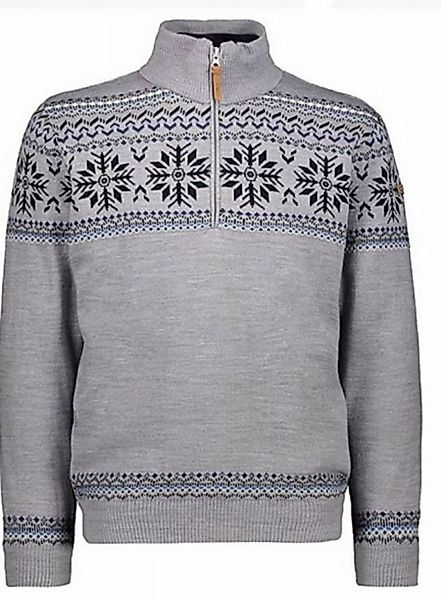 CMP Strickfleece-Pullover CMP Herren Pullover Man Knitted Pullover günstig online kaufen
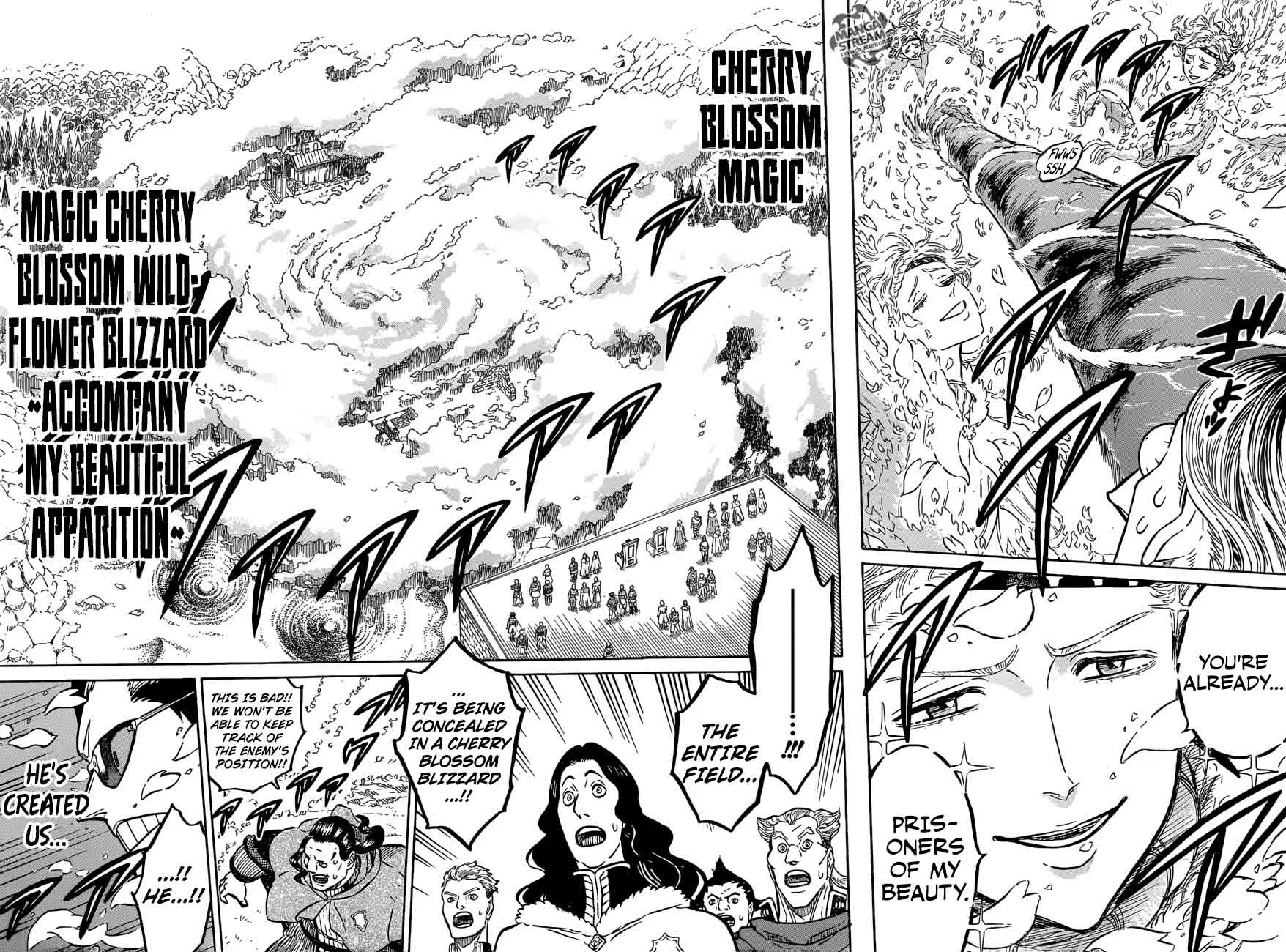 Black Clover Chapter 116 Image 12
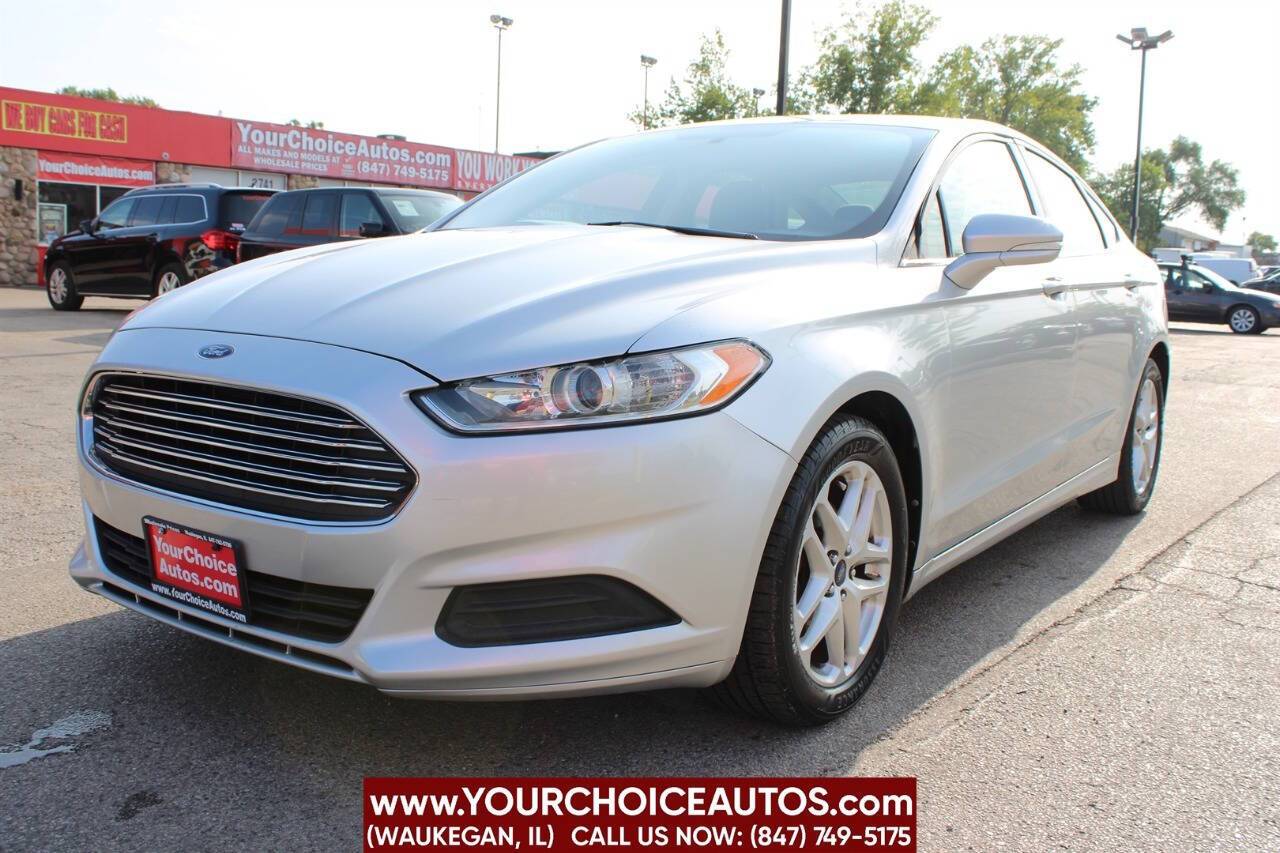 2014 Ford Fusion SE — Sedan — 139,948 mi — Waukegan, IL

→ WHAT YOU HAVE TO DO
Return the whole listing word for word. Pictures stay out of it.

→ ANSWER FOR THIS EXERCISE
 CMP Strickfleece-Pullover CMP Herren Pullover Man Knitted Pullover günstig online kaufen
 Black Clover Chapter 116 Image 12
 2014 Ford Fusion SE — Sedan — 139,948 mi — Waukegan, IL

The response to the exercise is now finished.